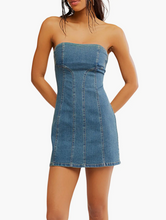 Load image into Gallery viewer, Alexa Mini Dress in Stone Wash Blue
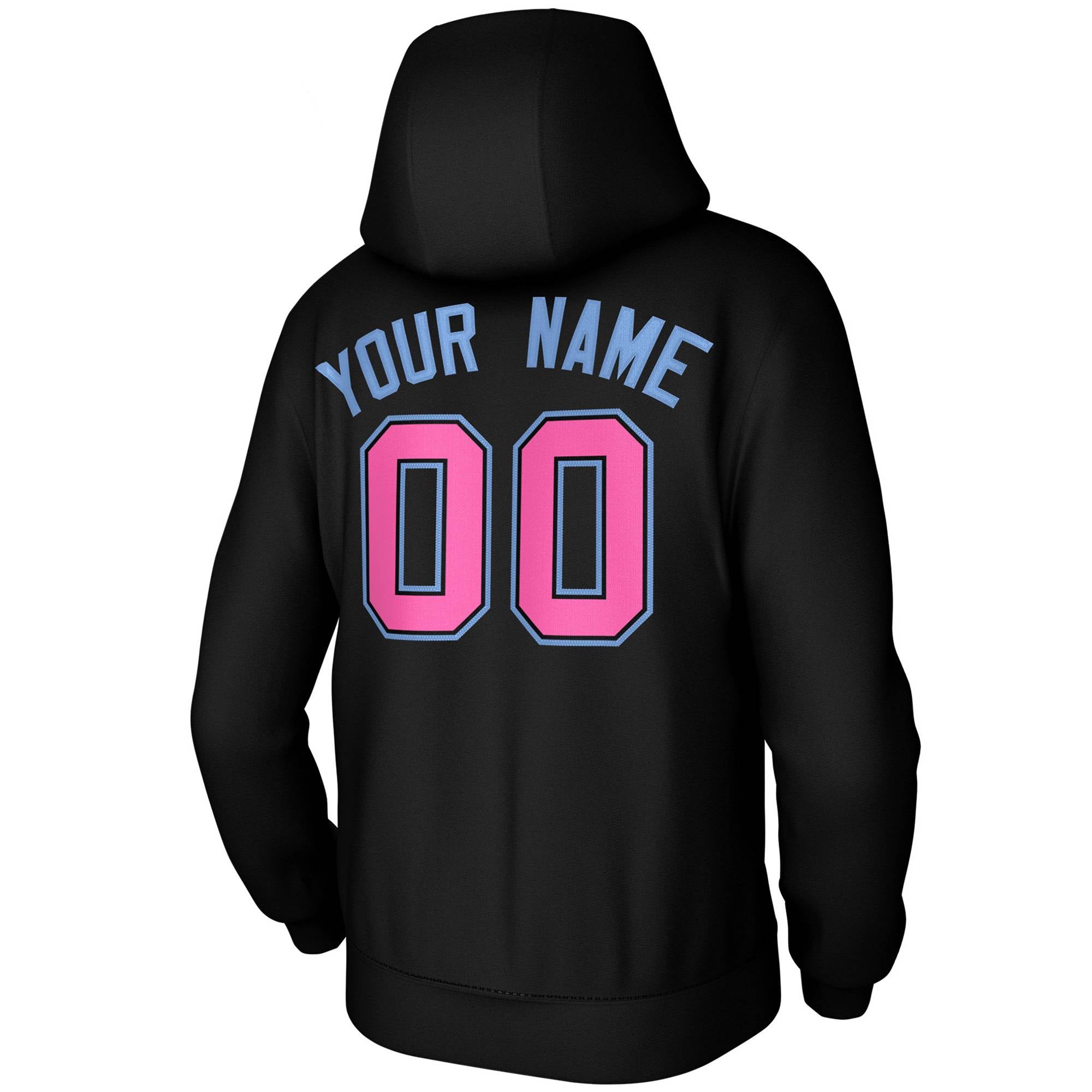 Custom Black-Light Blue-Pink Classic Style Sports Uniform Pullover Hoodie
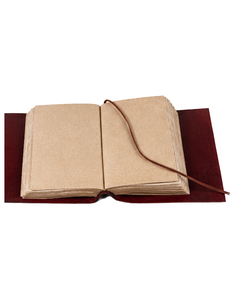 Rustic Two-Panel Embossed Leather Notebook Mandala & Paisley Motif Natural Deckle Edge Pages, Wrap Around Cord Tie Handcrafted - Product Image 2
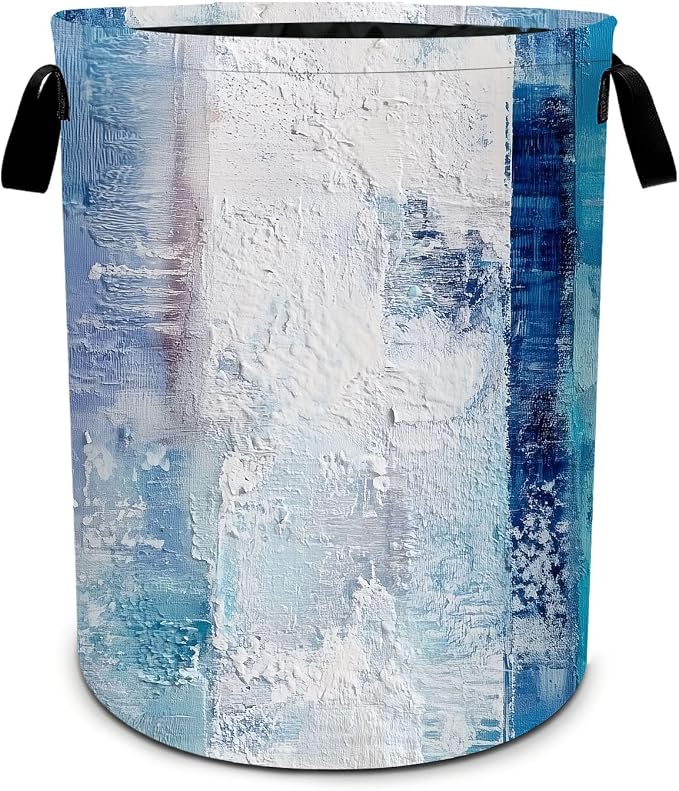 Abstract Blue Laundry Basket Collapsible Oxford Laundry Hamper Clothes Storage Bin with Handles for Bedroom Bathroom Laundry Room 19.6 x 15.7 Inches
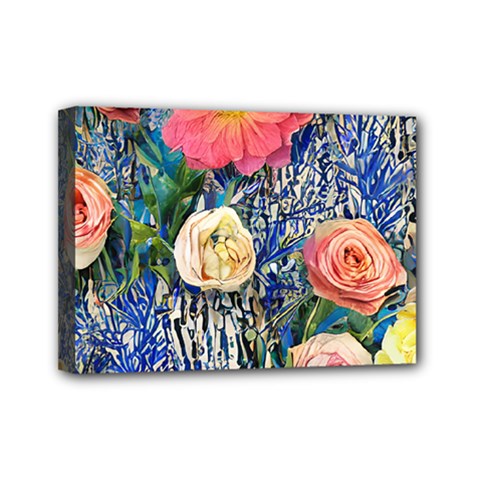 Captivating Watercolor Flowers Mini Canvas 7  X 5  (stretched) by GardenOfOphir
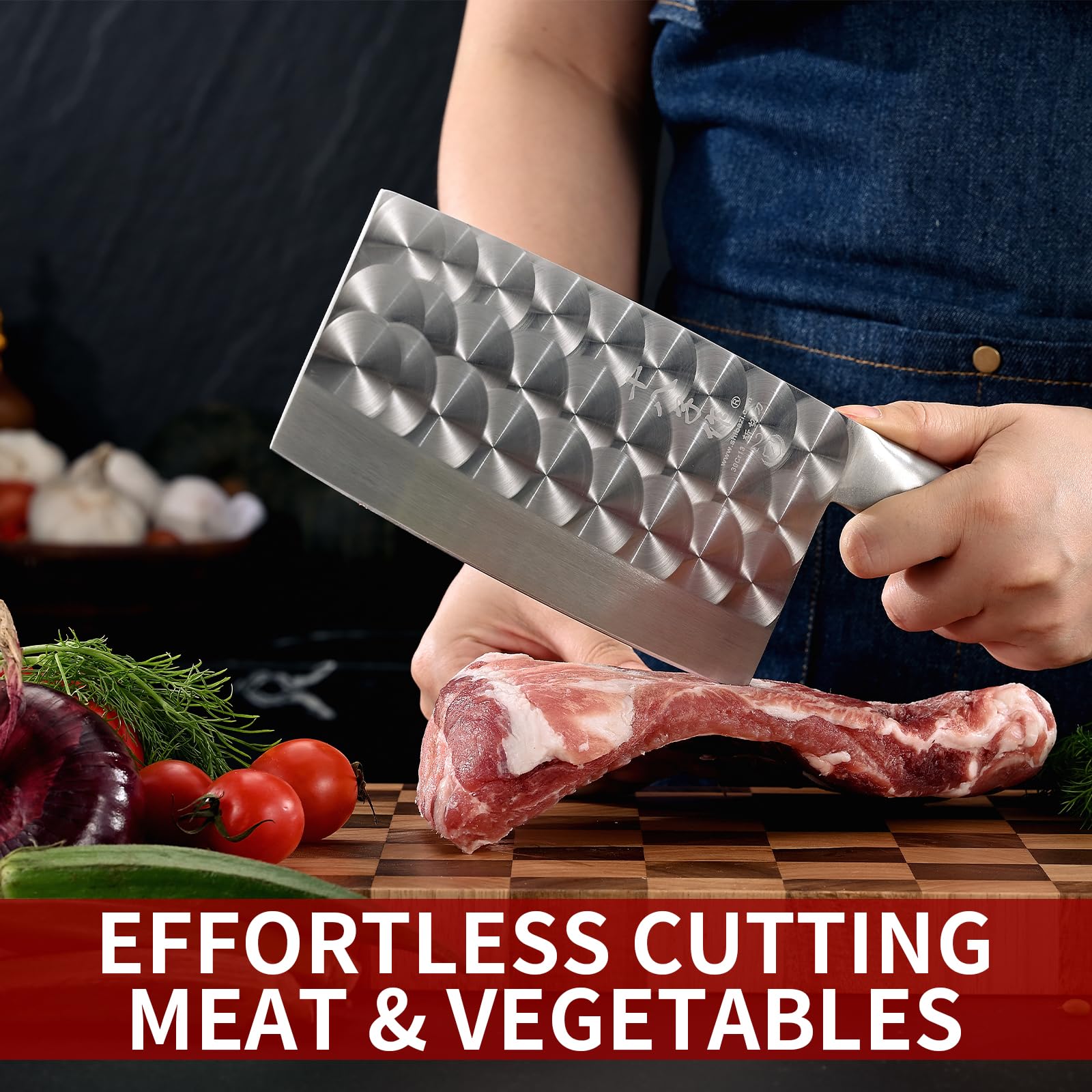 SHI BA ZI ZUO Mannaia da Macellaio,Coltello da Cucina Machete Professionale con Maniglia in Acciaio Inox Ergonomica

################

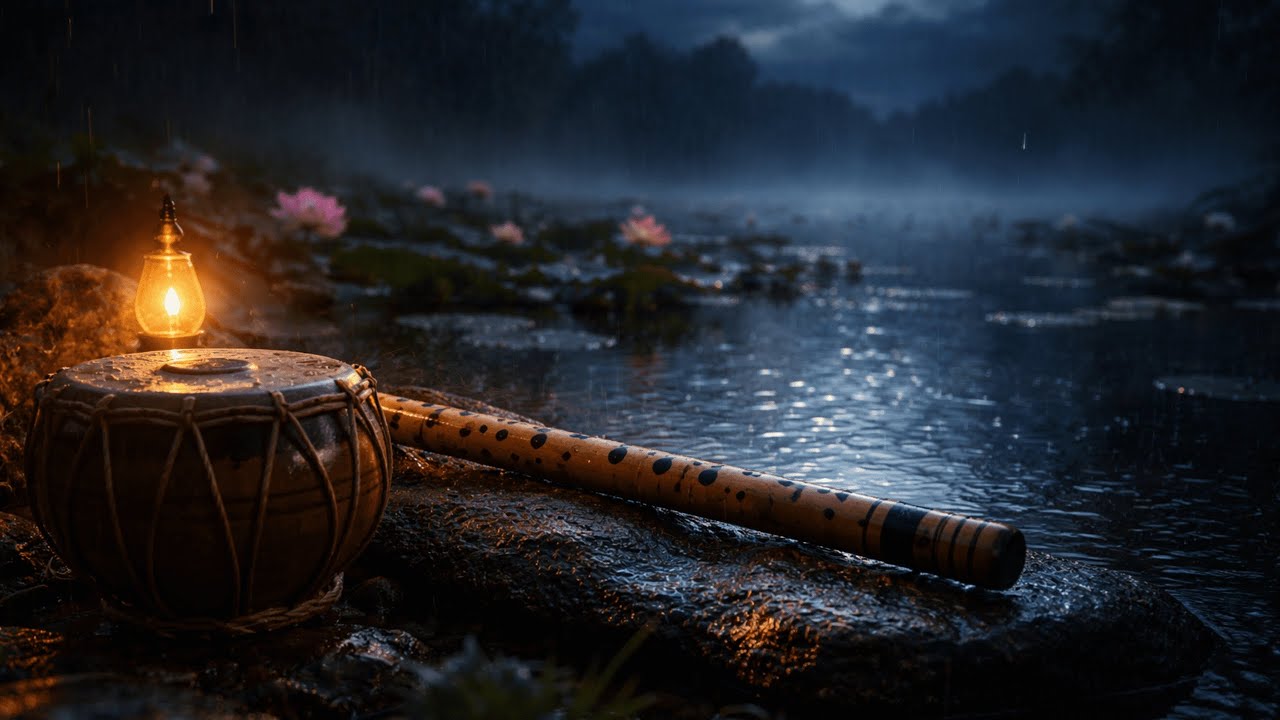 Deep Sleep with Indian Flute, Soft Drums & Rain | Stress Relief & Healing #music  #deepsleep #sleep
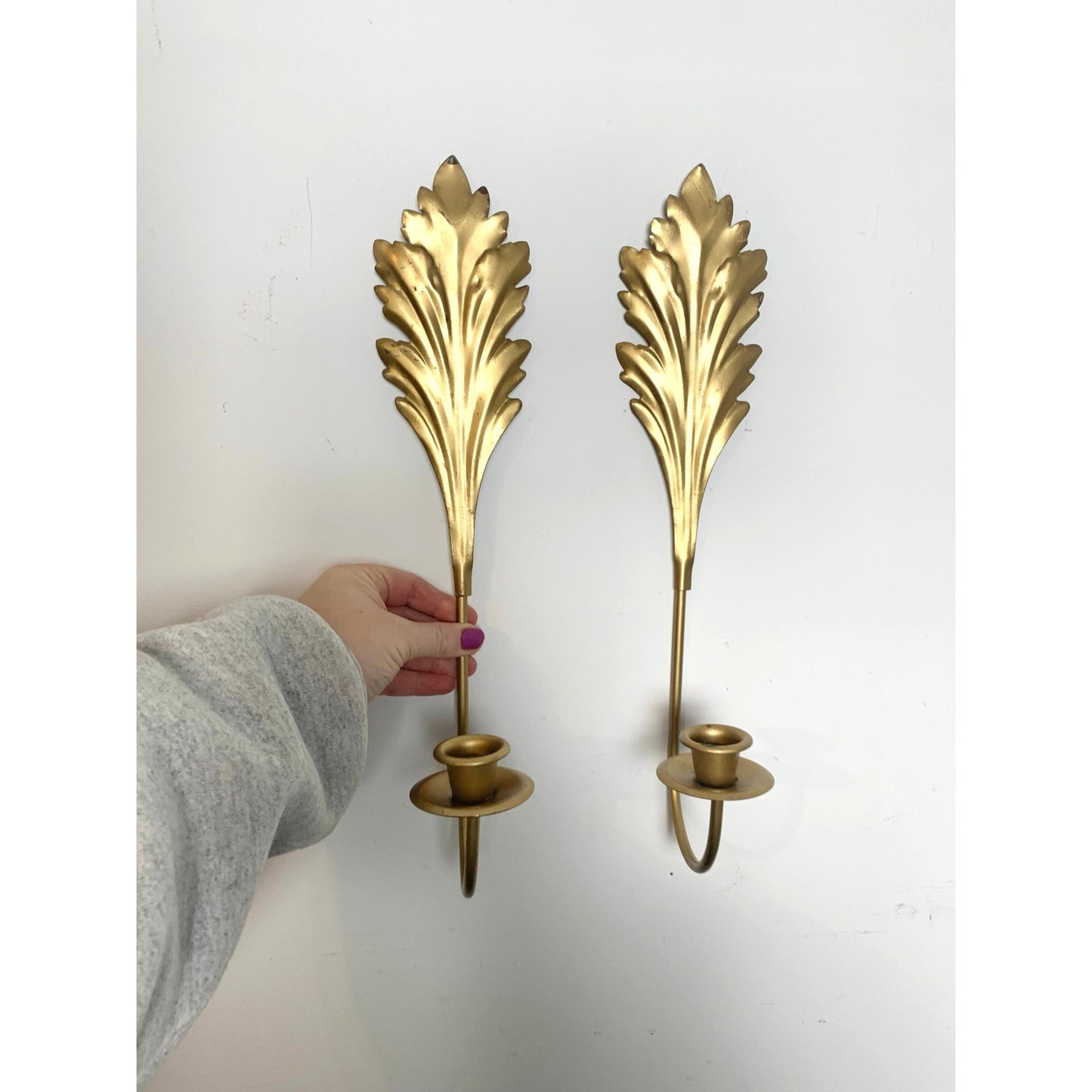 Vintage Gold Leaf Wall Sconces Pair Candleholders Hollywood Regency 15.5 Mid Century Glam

################

Goal of the exercise: Copy out the listing above from the line containing "Custom Black-Light Blue-Pink" to the line containing "Captivating Watercolor Flowers", both included, exactly as written and minus the images.

Response:
 Custom Black-Light Blue-Pink Classic Style Sports Uniform Pullover Hoodie
 Rustic Two-Panel Embossed Leather Notebook Mandala & Paisley Motif Natural Deckle Edge Pages, Wrap Around Cord Tie Handcrafted - Product Image 2
 Abstract Blue Laundry Basket Collapsible Oxford Laundry Hamper Clothes Storage Bin with Handles for Bedroom Bathroom Laundry Room 19.6 x 15.7 Inches
 Captivating Watercolor Flowers Mini Canvas 7  X 5  (stretched) by GardenOfOphir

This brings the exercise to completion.